The Vzense 3D depth camera uses ToF camera technology for distance measurement. During operation, the camera emits infrared light, which reflects off objects and returns to the sensor. The camera calculates the distance to the object by measuring the time difference between the emission and return of the light.
Since the measurement process requires active infrared light emission, multiple 3D cameras working in the same scene (with overlapping fields of view) may interfere with each other. This interference can cause significant errors in depth measurement, severely degrading depth quality and limiting the application of ToF cameras. To address this issue, we provide a method for multi-camera coexistence.
Table of Contents
Camera work timing
Each working cycle of the camera involves infrared light emission and collection, and the calculation of distance values for each pixel. The number of measurements per second is called the frame rate. Each working cycle can be divided into two stages: exposure (laser emission and collection) and transmission. When multiple cameras work simultaneously, if their exposure stages overlap, camera A may receive the laser emitted by camera B, causing interference. The result is shown as follows:
Achieve multiple camera coexistence by trigger mode
Vzense 3D Time of Flight cameras support slave trigger mode (hardware trigger mode and software trigger mode). In this mode, the camera waits for a trigger signal before starting a frame’s exposure and transmission. Each signal triggers only one exposure and transmission.
There are two types of triggers: hardware trigger and software trigger. A hardware trigger is driven by an external trigger source, and the camera starts image exposure immediately upon receiving a valid signal. A software trigger, unlike a hardware trigger, does not require an external trigger source and can trigger an image capture by calling an API. For more details, please refer to the application note “AN07-Deep learning about trigger function of Vzense 3D Time of Flight (ToF) camera“.
Based on the ToF principle and the slave trigger mode provided by Vzense, the Vzense ToF products series can achieve multi-camera coexistence through coordinated control. Coordinated control involves setting all cameras at trigger mode, with the master control platform controlling the exposure start time of different cameras to ensure they do not interfere with each other. Once in trigger mode, the camera will only work for one cycle upon receiving a trigger signal, allowing flexible control of different cameras’ image output times and frame rates as needed. However, this method requires balancing the frame rate and the number of cameras.

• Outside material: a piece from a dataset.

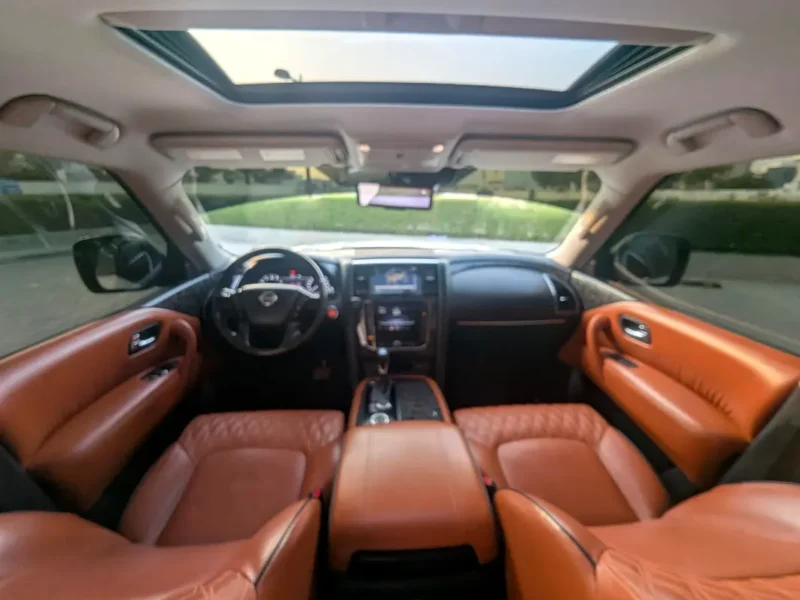 2020 Nissan Patrol SE Platinum 4.0 Litres 6 Cylinders Petrol Engine White Tan SUV GCC Specs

Suitable scenarios: When the camera’s working at low frame rate, multiple cameras can be controlled by a single host or hardware trigger signal source.
How to use:
1. Hardware trigger:
Depending on the model of the camera you selected, refer to the specification to find the Ext_Trigger signal pin. Connect the corresponding trigger signals to the trigger pins of camera A,B, and C respectively.
2. Software trigger:
Set all cameras A,B, and C as software trigger mode. Wait for the trigger signal.
Sample code:
BaseSDK/Windows/Samples/Base/NYX650/DeviceSWTriggerMode.
The API interface is:
//Set the working mode of the camera, inputing scworkmode is software trigger mode.
ScStatus scSetWorkMode(ScDeviceHandle device, ScWorkMode mode);
//Get the working mode of the camera.
ScStatus scGetWorkMode(ScDeviceHandle device, ScWorkMode* pMode);
/**
* @brief The working mode of the camera.
*/
typedef enum
{
SC_ACTIVE_MODE = 0x00, //active mode or free running mode
SC_HARDWARE_TRIGGER_MODE = 0x01, //hardware trigger mode
SC_SOFTWARE_TRIGGER_MODE = 0x02, //software trigger mode
} ScWorkMode;
Because the exposure time of each camera is probably different, it is recommended that the trigger signal interval of the adjacent camera is bigger than or equal to one working cycle. For example, taking 15fps as an example, after the trigger signal of camera A is issued, the trigger signal of camera B will delay for more than 66.7ms.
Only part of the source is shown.